Here is the technical part:
*I am seeking advice on how to chemically remove the gold plating.
*The under-metal is solid sterling silver
*I am not necessarily interested in recovering the gold (though it would be nice to do so if I do not need to greatly invest in equipment)
*Some of the pieces (the knives) have a stainless steel part
*The silver must not be damaged 

Any advice would be greatly appreciated


----------



## FrugalRefiner (Jul 23, 2018)

ItayEdry said:


> *I am seeking advice on how to chemically remove the gold plating.
> *The under-metal is solid sterling silver
> *I am not necessarily interested in recovering the gold (though it would be nice to do so if I do not need to greatly invest in equipment)
> *Some of the pieces (the knives) have a stainless steel part
> *The silver must not be damaged


That's going to be a tough task considering you don't want to damage the silver. As you're aware, buffing will damage it, at least to some degree.

There are a couple of methods used to strip gold plating. 
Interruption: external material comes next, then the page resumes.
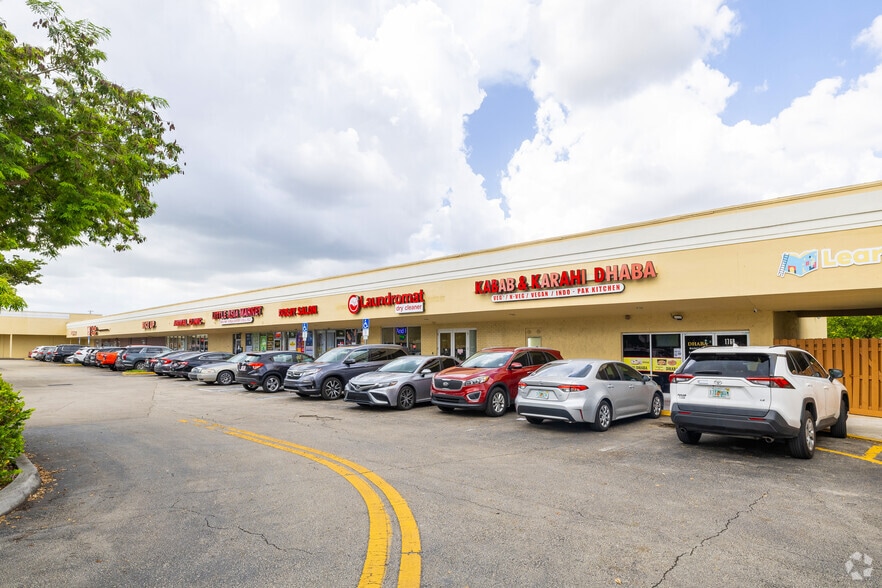 More Photos Of 1708 N University Dr, Pembroke Pines Unknown For Lease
Many members use a sulfuric acid stripping cell to remove gold plating. But they use it on gold plated base metals. The base metals don't react to the cell like the gold plating, but the silver probably will, so its finish may be damaged.
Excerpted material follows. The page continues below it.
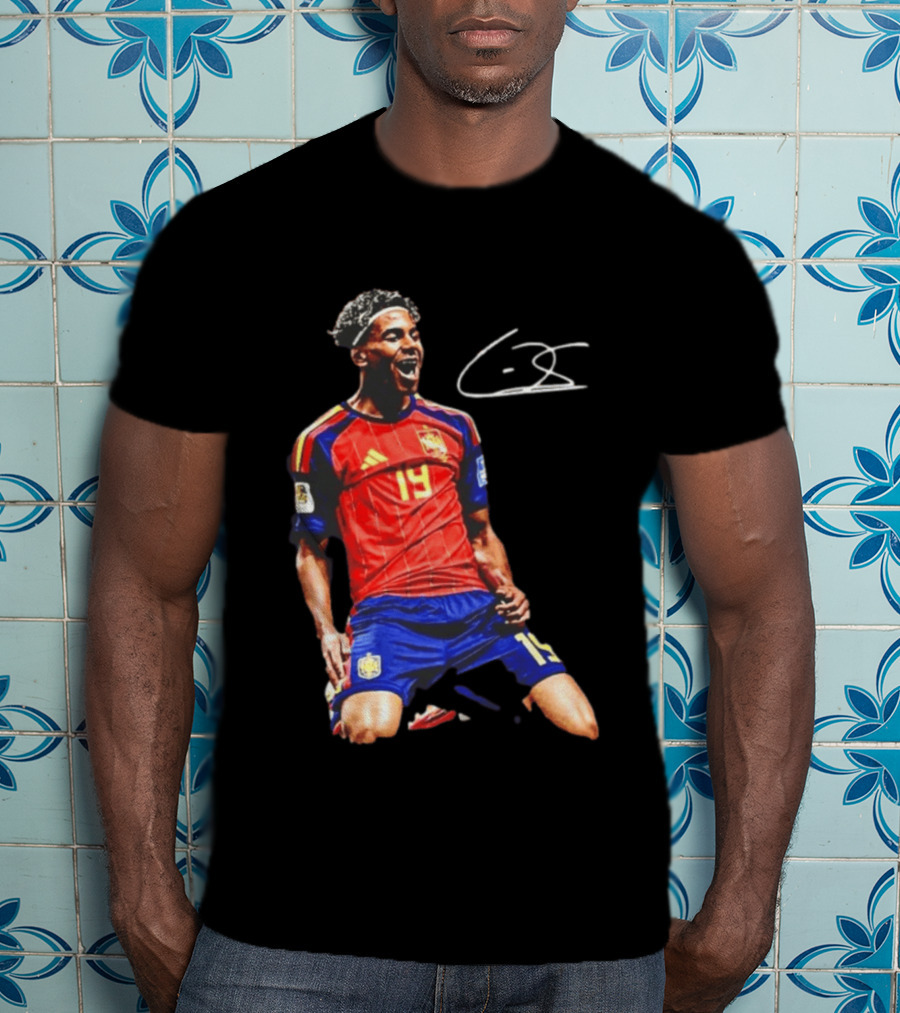 19 Lamine Yamal Spain National Football Team Soccer Jersey Celebration T-Shirt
Some advanced members who refine for a living use cyanide to strip gold plating, but in inexperienced hands, cyanide can be deadly. Like the sulfuric stripping cell, cyanide can also dissolve silver, so again the silver may be damaged.

Unfortunately, I don't have a solution for you, but I thought I'd mention the two most common ways of removing gold plating and point out the problems with the material you have. Someone with experience may be able to process your items without significant damage. Maybe someone else will have a better answer.  

Dave


----------



## jimdoc (Jul 23, 2018)

Maybe replate it silver over the gold?


----------



## goldsilverpro (Jul 23, 2018)

ItayEdry said:


> So I am a jeweler based in New Orleans, LA USA. I recently was given a task of removing a gold plating from an antique silverware set. The one piece that I have experimented with was very easy to remove the gold from by using a buffing wheel so I accepted the challenge of removing the gold plating from whole set of 150+ pieces. Soon enough I have learned that the majority of those items are plated with a very heavy layer of gold that will be impossible to remove buffing without damaging the delicate patterns of the silverware. I was referred to this forum by a friend.
> Here is the technical part:
> *I am seeking advice on how to chemically remove the gold plating.
> *The under-metal is solid sterling silver
> ...


You can't use the Sulfuric stripper, cyanide, or Iodine/iodide.They all attack silver

On the pieces that are only sterling, you might be able to use a fairly dilute, room temperature, aqua regia, to remove the gold. Hydrochloric (or, Muriatic acid) acid combined with some bleach or hydrogen peroxide might work well.. A thin, milky silver chloride layer would probably form of the surface, but buffing should easily remove it. I would have some sterling pieces gold plated and experiment first. Of course, you couldn't put the stainless knife blades in any of those solutions.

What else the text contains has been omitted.